(PROBLEM TO WORK ON):
What is needed is a word-for-word restatement of all the entries.

(DATA FOR ANALYSIS):
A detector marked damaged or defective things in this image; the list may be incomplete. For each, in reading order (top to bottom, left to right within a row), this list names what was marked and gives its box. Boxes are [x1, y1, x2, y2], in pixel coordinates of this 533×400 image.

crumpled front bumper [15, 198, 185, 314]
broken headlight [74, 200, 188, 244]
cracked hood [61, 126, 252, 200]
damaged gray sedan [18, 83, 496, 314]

(OUTPUT FOR THIS EXERCISE):
A detector marked damaged or defective things in this image; the list may be incomplete. For each, in reading order (top to bottom, left to right within a row), this list names what was marked and gives its box. Boxes are [x1, y1, x2, y2], in pixel coordinates of this 533×400 image.

crumpled front bumper [15, 198, 185, 314]
broken headlight [74, 200, 188, 244]
cracked hood [61, 126, 252, 200]
damaged gray sedan [18, 83, 496, 314]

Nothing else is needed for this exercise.